It's not common to have flyers passed out in the streets of this neighborhood along Killingsworth, but there is a crowd is gathered and they want their message to be clear. It's the birthday of the Reverend Dr. Martin Luther King Jr. and over 150 people are marching to Alberta Park to speak out against the inequalities present in Portland Public Schools.
According to supporters of today's event, schools in North and Northeast Portland don't get enough qualified teachers. They gather at Martin Luther King Elementary on 7th and Alberta and march in the street down Killingsworth to Alberta Park.
Chants belted out, banners held high and proudly, the mood is lively as the marchers pass One Stop Records who fill the air with the moving sound of the famous King speech amplified outside their store.
"Today is an important day," shouts Ron Herndon through a microphone while standing in the back of a pickup parked on the sheltered basketball court where the march has come to an end. "It's especially important because our children are out here. The Reverend Dr. Martin Luther King Jr. talked about equal opportunity being especially important for our children."
Herndon sees a direct correlation between Oregon being declared the hungriest state in the country and having the worst drop our rate.

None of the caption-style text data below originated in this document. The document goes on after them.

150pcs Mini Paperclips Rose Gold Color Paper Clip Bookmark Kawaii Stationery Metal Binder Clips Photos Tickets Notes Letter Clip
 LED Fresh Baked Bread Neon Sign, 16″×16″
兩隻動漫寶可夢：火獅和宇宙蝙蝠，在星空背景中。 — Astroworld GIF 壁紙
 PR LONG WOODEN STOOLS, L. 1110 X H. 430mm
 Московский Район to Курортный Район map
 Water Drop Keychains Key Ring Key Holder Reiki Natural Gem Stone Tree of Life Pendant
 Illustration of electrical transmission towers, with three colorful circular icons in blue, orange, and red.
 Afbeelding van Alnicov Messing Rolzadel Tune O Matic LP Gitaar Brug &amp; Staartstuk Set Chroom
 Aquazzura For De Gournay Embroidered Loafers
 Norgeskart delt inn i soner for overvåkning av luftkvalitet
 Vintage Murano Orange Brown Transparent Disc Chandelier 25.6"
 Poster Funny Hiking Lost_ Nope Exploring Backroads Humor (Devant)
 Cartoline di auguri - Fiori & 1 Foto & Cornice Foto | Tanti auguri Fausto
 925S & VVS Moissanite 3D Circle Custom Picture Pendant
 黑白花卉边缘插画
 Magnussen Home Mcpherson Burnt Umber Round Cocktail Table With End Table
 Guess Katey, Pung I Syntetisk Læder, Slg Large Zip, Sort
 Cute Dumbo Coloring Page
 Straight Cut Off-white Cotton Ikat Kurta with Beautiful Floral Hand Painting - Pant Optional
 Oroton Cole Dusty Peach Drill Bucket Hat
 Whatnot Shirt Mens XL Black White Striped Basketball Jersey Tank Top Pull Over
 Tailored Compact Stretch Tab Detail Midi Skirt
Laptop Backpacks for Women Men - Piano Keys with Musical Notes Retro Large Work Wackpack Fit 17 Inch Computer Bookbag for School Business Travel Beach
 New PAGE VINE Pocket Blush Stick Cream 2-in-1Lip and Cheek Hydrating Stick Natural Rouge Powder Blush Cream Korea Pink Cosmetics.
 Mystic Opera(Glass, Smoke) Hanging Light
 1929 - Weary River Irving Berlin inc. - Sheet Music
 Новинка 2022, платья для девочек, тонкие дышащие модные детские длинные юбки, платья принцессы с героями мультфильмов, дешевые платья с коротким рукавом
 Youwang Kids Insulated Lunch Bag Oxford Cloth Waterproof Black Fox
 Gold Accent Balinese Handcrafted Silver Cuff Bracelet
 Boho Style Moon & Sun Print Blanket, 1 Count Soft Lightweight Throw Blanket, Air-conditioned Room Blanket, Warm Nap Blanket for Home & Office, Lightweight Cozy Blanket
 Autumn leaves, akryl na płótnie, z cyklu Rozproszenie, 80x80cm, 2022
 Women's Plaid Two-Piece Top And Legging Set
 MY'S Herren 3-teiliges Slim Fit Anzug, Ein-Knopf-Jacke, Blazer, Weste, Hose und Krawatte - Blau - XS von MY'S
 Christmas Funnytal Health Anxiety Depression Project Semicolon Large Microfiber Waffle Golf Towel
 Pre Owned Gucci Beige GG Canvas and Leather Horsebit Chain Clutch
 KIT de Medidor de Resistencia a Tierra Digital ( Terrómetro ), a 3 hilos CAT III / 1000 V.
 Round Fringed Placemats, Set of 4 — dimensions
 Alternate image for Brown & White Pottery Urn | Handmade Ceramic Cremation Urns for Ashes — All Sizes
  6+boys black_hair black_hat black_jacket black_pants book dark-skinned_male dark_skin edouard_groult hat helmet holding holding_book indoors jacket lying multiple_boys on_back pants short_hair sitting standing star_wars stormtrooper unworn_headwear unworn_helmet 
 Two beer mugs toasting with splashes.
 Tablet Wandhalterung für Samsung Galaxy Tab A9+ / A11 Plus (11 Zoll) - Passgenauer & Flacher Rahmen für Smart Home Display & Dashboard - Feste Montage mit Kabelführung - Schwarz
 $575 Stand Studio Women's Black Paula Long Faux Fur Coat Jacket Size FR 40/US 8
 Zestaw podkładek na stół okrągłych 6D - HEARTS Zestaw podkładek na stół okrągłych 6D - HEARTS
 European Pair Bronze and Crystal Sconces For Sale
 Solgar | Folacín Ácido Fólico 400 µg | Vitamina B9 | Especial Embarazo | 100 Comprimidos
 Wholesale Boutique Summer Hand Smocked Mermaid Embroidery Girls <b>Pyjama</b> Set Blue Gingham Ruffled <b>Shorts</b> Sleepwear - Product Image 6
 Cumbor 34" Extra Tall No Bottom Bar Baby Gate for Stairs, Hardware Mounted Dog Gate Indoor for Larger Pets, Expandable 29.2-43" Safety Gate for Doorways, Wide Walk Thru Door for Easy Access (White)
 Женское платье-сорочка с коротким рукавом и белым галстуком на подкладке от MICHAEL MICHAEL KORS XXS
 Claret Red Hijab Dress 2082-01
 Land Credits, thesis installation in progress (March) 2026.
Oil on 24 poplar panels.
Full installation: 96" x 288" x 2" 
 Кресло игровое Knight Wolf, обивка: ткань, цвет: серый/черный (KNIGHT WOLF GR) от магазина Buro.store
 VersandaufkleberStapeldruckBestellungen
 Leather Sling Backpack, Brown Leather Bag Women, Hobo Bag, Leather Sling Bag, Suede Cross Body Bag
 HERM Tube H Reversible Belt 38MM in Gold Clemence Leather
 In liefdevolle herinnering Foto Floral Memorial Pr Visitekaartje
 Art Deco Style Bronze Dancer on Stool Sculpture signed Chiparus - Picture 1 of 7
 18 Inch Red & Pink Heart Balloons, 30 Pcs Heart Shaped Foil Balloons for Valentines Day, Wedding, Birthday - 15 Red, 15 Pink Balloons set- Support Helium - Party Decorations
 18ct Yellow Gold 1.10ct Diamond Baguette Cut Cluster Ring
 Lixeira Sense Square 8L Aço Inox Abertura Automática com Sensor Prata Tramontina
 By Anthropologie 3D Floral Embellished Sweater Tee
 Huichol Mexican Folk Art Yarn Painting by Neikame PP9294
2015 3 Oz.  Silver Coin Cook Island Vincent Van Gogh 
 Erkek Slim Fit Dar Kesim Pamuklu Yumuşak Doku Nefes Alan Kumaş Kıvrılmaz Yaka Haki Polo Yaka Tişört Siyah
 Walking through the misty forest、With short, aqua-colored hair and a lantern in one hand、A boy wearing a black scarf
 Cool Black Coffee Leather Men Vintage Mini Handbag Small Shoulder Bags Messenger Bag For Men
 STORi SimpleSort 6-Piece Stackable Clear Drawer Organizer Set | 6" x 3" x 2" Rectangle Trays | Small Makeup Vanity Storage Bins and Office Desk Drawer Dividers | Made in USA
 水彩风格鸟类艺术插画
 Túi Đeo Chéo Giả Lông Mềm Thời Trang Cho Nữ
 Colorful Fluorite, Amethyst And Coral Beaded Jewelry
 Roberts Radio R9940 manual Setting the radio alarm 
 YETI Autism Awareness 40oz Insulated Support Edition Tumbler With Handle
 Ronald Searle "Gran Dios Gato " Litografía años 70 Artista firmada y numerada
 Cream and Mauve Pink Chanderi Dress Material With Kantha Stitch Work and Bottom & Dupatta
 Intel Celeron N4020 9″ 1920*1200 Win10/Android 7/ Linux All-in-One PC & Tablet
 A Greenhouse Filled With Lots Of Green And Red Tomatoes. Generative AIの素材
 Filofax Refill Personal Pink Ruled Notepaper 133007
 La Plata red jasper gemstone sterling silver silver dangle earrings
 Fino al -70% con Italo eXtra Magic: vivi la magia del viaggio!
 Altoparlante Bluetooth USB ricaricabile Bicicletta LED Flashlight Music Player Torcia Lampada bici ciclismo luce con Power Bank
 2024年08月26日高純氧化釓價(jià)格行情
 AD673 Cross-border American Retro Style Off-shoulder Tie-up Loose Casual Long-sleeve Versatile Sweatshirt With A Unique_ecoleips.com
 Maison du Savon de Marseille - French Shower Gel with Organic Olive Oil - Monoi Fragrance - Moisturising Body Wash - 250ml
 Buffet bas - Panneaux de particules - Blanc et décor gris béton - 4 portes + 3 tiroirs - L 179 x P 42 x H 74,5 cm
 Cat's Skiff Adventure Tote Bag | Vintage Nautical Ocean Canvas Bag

"If you don't get an education, you aren't going to get good work and you're going to be hungry," he says. "There's enough money for new jail cells but they say there's not enough money to make sure every child has a book in school."
Supporters of the event include ministers, adults and community members of all colors. A young girl from Guatemala details how the English as a Second Language (ESL) program at her grade school didn't have a teacher who spoke Spanish. Many children dropped out of the program because they didn't know English well enough to be only instructed in English. In contrast, schools in the more affluent areas of Portland have ESL instructors that speak a wide range of languages.
Isha Campbell, a young woman now in her sophomore year in college, has had a difficult time catching up to her classmates. She feels that even though she was at the top of her graduating class at Jefferson High, she was ill-prepared to move on to college. She has tutors, attends study groups and says confidently, "I'm going to make it."
Parents in the community don't want this trend to continue. They have united to address the school board with their concerns. They feel that so far all they have received are "promises and lies", but the parents are mobilizing to build an even stronger coalition. Today's march and rally were just one aspect of the movement. On Monday, January 22nd at 6:30 PM, the group will attend the Portland Public Schools' Board Meeting.
"Enough is enough," cries Herndon. "These kids must be at the front of the school board's agenda. Until they are, there will be no more school board meetings!"
Herndon invites a young boy up to the mic to lead the group in a lively version of Happy Birthday, dedicated to Dr. King, whose commitment to fighting for equality is an inspiration to all those present.